Москвины: «Лед для двоих» | страница 13



Я и родился в 1929-м неподалеку — в Бежице, сейчас это пригород Брянска. А через год мы всей семьей переехали в Питер. В отдельную комнату большущей коммуналки с великолепной обстановкой. Одна только кухня там была метров сорок площадью — с огромной плитой посередине. Во главе той квартиры стояла ее исконная хозяйка — Серафима Васильевна Альванг. Эта фамилия досталась ей от мужа. А сама она была по национальности то ли немкой, то ли еврейкой. Все соседи очень хорошо к ней относились, да и вообще были очень дружны. Вместе ставили елку на Новый год, вместе встречали его, отмечали другие праздники.

Отец работал в области холодной обработки стекла в государственном оптическом институте имени академика Вавилова. Там было четыре или пять лабораторий, которые были образованы в 1937-38 годах. Одной из лабораторий заведовал сам Вавилов, там же работали академики Гребенщиков, Теренин.

А потом началась война. Немцы-то наступали шустро. Поэтому в Ленинграде сразу стали думать о том, чтобы перевести подальше от линии фронта все промышленные предприятия. Нас сначала не хотели эвакуировать, но все-таки вывезли за считаные дни до начала блокады. Нам, детям, помню, было интересно смотреть, как все вокруг бомбят.

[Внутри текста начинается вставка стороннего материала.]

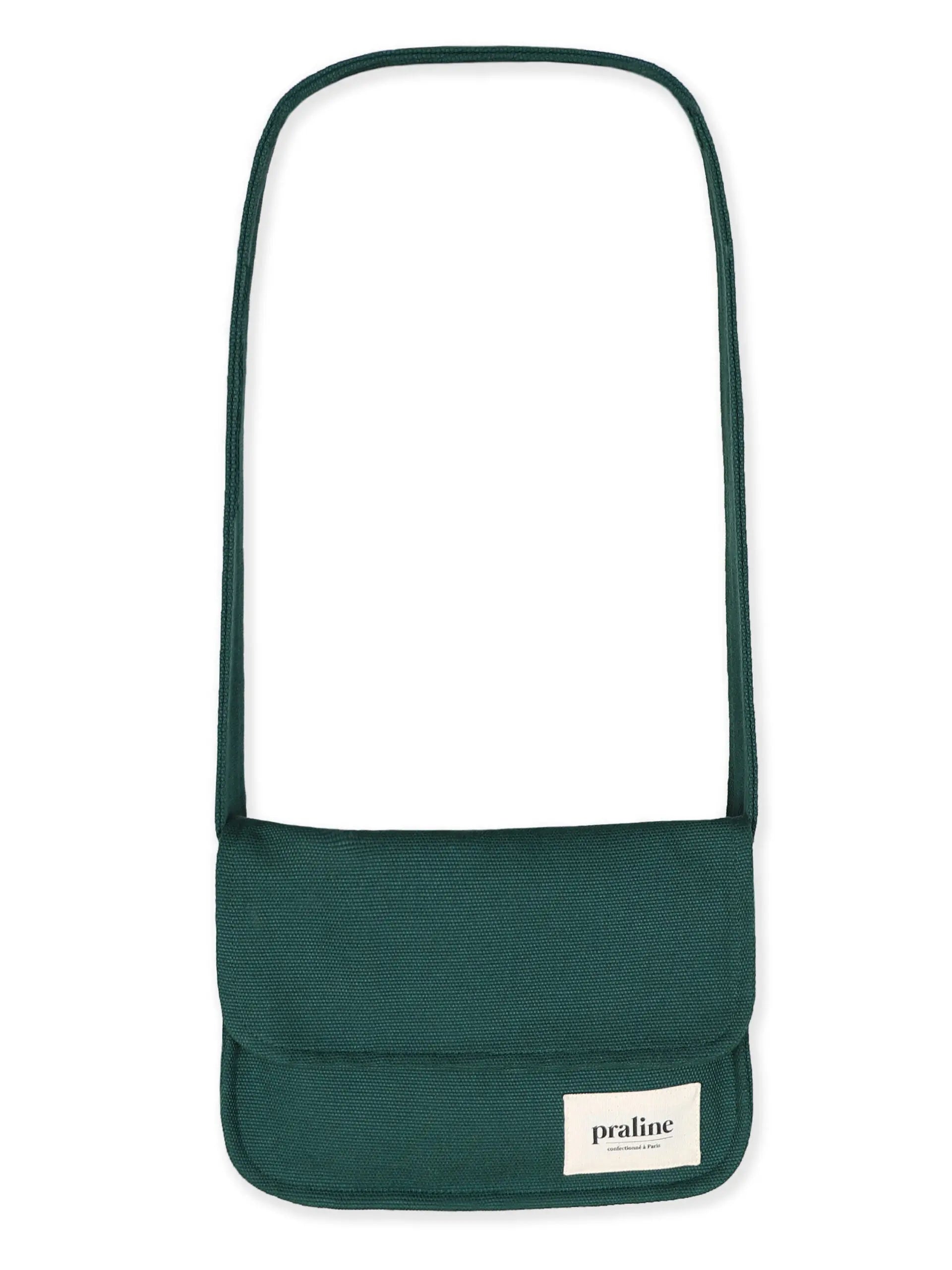 Le Hobo, le sac qui vous suit partout dans votre quotidien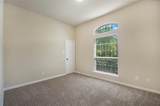2461 Lakebend Drive - Photo 35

Бабушка оставалась в Брянске. И несмотря на то, что к моменту начала войны у нее уже не было никакой связи с заводом, ее вместе со всеми прочими сотрудниками тоже отправили в эвакуацию. В Красноярск.

Как они туда ехали — отдельный разговор. Поезд высадил людей прямо в поле, на каком-то полустанке, и там их встречала толпа местных жителей с машинами и стройматериалами, вплоть до столбов, чтобы соорудить временное жилье и провести электричество.

Было это летом, почти сразу после начала войны. Потом эвакуированных разместили в деревне Бадаевка, где жили очень зажиточные, «правильные» исконные сибиряки. Настолько правильные, что хозяин дома, куда попала бабушка, сделал себе харакири перочинным ножом, когда кто-то обвинил его в воровстве. Причем не просто вскрыл себе внутренности, а резал себя до тех пор, пока не добрался до аорты.

Связь в стране тогда была только почтовая. Но работала хорошо. Уже после того, как в 1942-м от тифа умер отец, бабушка в попытках нас разыскать написала в Ленинград и ей сообщили, что папин институт эвакуирован в Йошкар-Олу. И к осени 1943-го бабушка приехала к нам с мамой.

Из Красноярска она забрала с собой самое ценное, что у нее было — головку от ножной швейной машинки. Правда эта головка не работала: перед эвакуацией бабушке посоветовали как следует смазать весь механизм подсолнечным маслом — чтобы головка не заржавела. От жары масло засохло, и все попытки починить головку в Красноярске оказались тщетными. Но тем не менее бабушка ее не выбросила — привезла в Йошкар-Олу.